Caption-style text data
===============
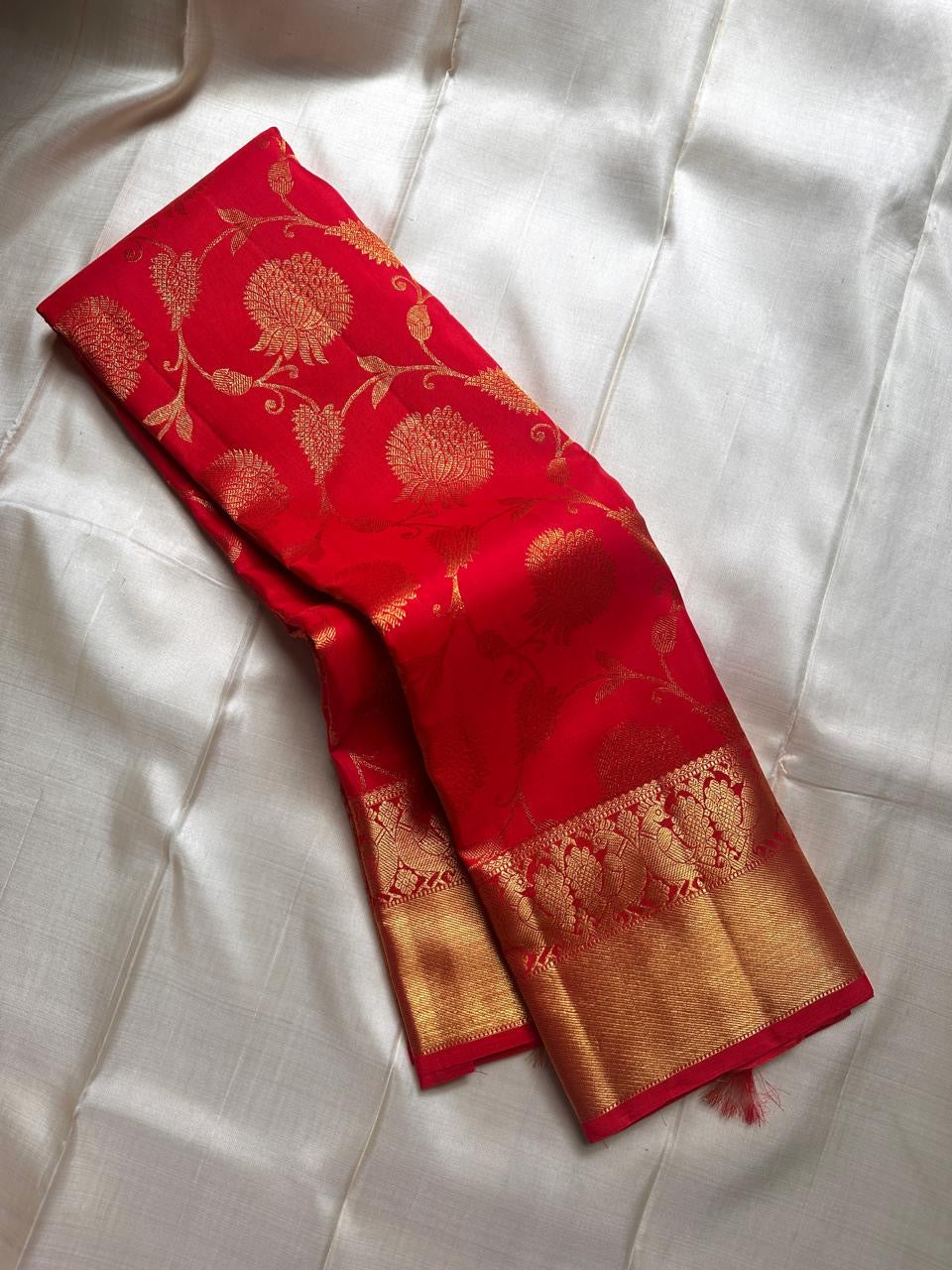 Tanvi – Vermillion Red Kanchipuram Pure Silk Saree with Floral Zari Jaal & Baavanji Border
Bold, radiant, and intricately woven varisaipettu Pallu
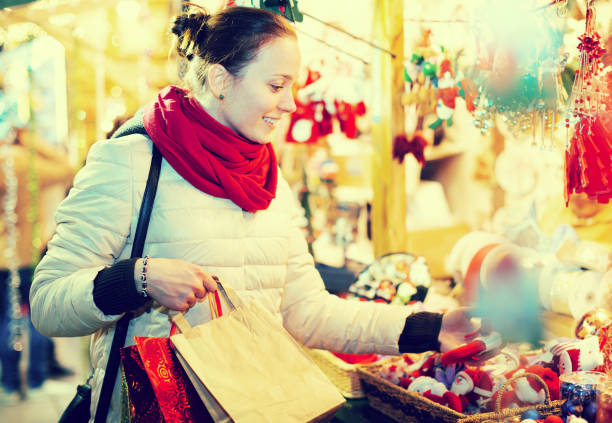 istock Female customer at the Christmas Fair 645878178
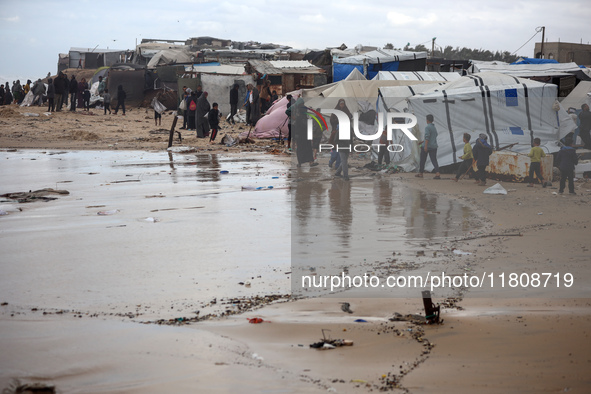 Palestinian displaced persons inspect their tents, which are damaged by wind and rain after heavy rainfall in Deir al-Balah, central Gaza St...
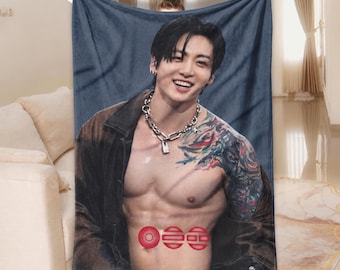 May include: A rectangular fleece blanket featuring a photographic print of a smiling person with dark hair, wearing a silver chain necklace and an open brown jacket. The person has visible tattoos on their arm and chest, with three red circular icons.
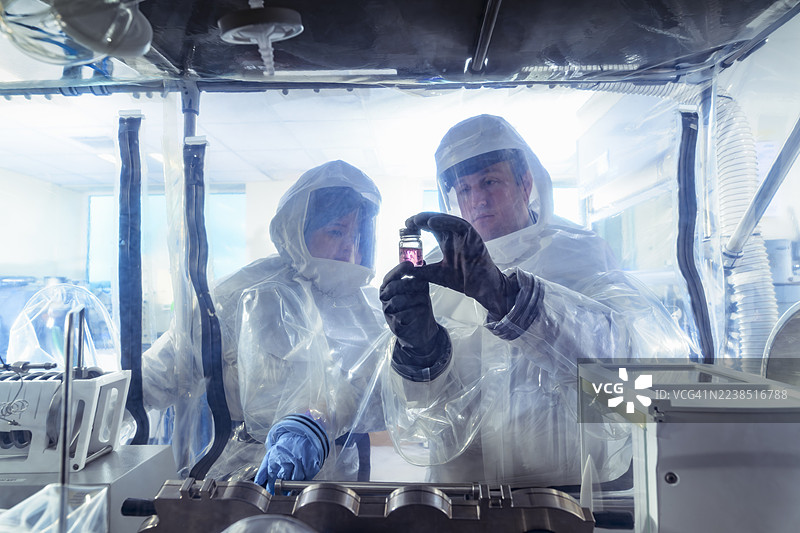 科学家在隔离手套箱中工作，在实验性水晶实验室中检查溶液瓶。图片素材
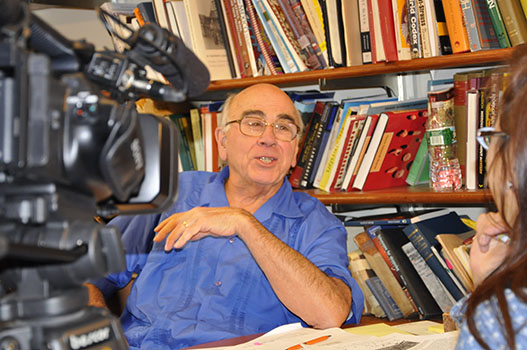 Tony Aveni talks with Fuji TV crew in his office.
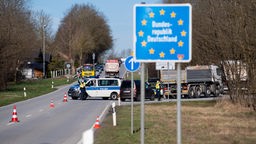 Ein Polizeiwagen blockiert zur Kontrolle eine Straße zur Grenze nach Deutschland.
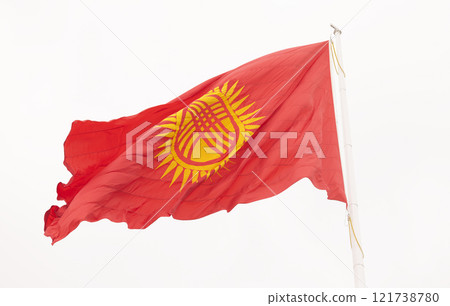 Kyrgyzstan flag is waving in Ala-Too Square 121738780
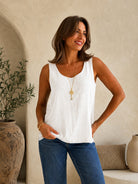 A woman wearing a white sleeveless top and blue jeans, standing in a warm, neutral-toned interior setting with a textured wall, potted plant, and cushions.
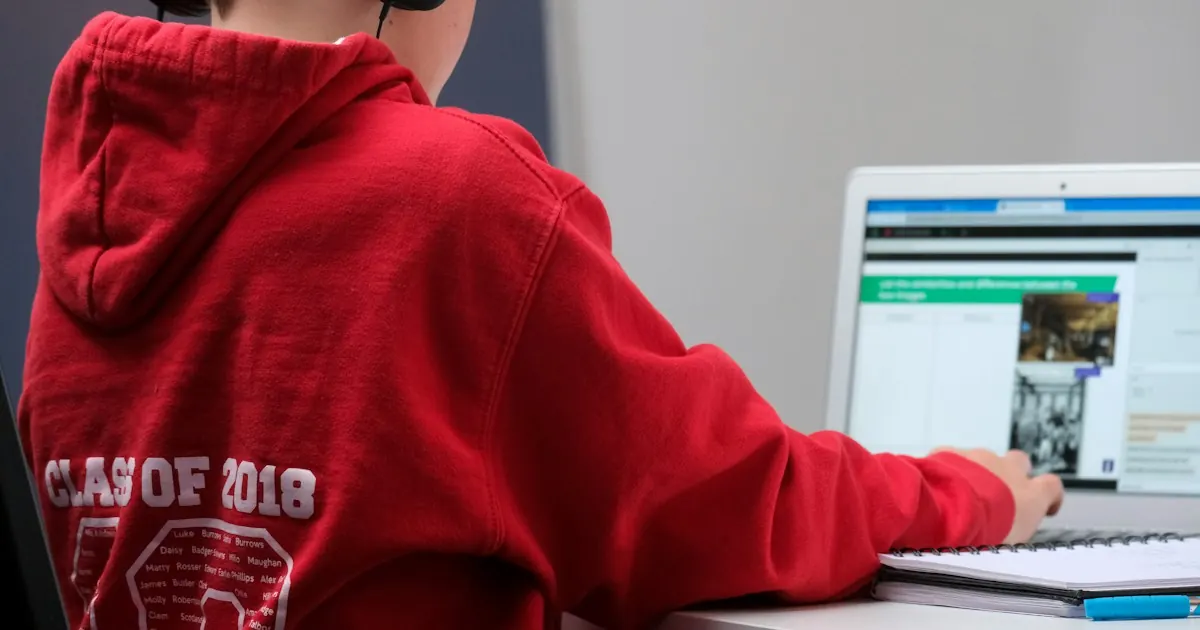 Student in a red hoodie working on a laptop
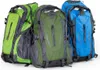 Three trekking backpacks in different colors (green, dark green, and blue) are displayed side-by-side against a white background. Podgląd zdjęcia produktu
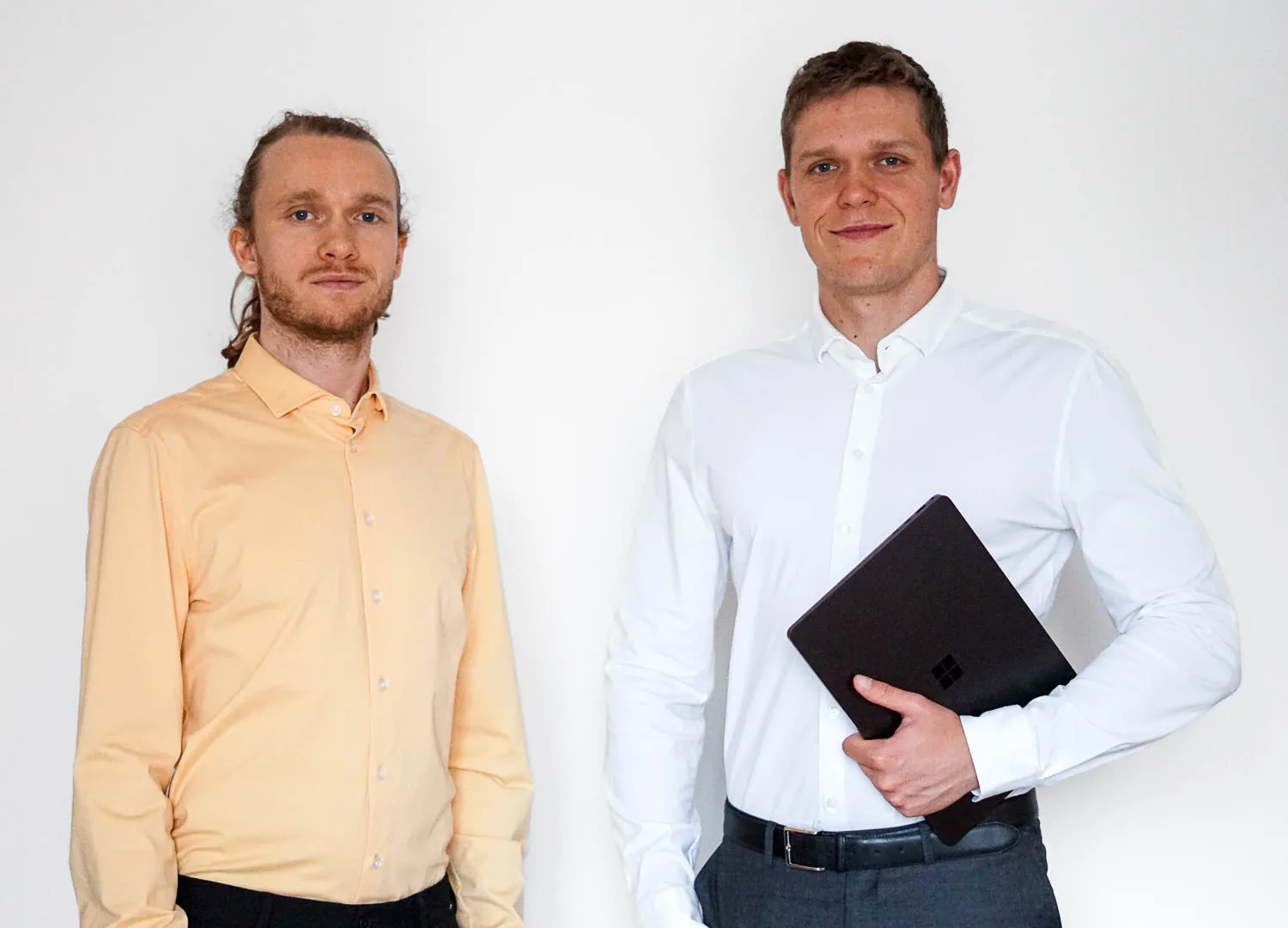 Adam Hjelmar og Mads-Bjørn Hjelmar står foran en lys væg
===============
Goal of the exercise:
This exercise asks for an exact copy of the lines from the first one in the data through the line that contains "Kyrgyzstan flag is", pictures excluded.

Exercise result:
 Tanvi – Vermillion Red Kanchipuram Pure Silk Saree with Floral Zari Jaal & Baavanji Border
Bold, radiant, and intricately woven varisaipettu Pallu
 istock Female customer at the Christmas Fair 645878178
 Palestinian displaced persons inspect their tents, which are damaged by wind and rain after heavy rainfall in Deir al-Balah, central Gaza St...
 May include: A rectangular fleece blanket featuring a photographic print of a smiling person with dark hair, wearing a silver chain necklace and an open brown jacket. The person has visible tattoos on their arm and chest, with three red circular icons.
 科学家在隔离手套箱中工作，在实验性水晶实验室中检查溶液瓶。图片素材
 Tony Aveni talks with Fuji TV crew in his office.
 Ein Polizeiwagen blockiert zur Kontrolle eine Straße zur Grenze nach Deutschland.
 Kyrgyzstan flag is waving in Ala-Too Square 121738780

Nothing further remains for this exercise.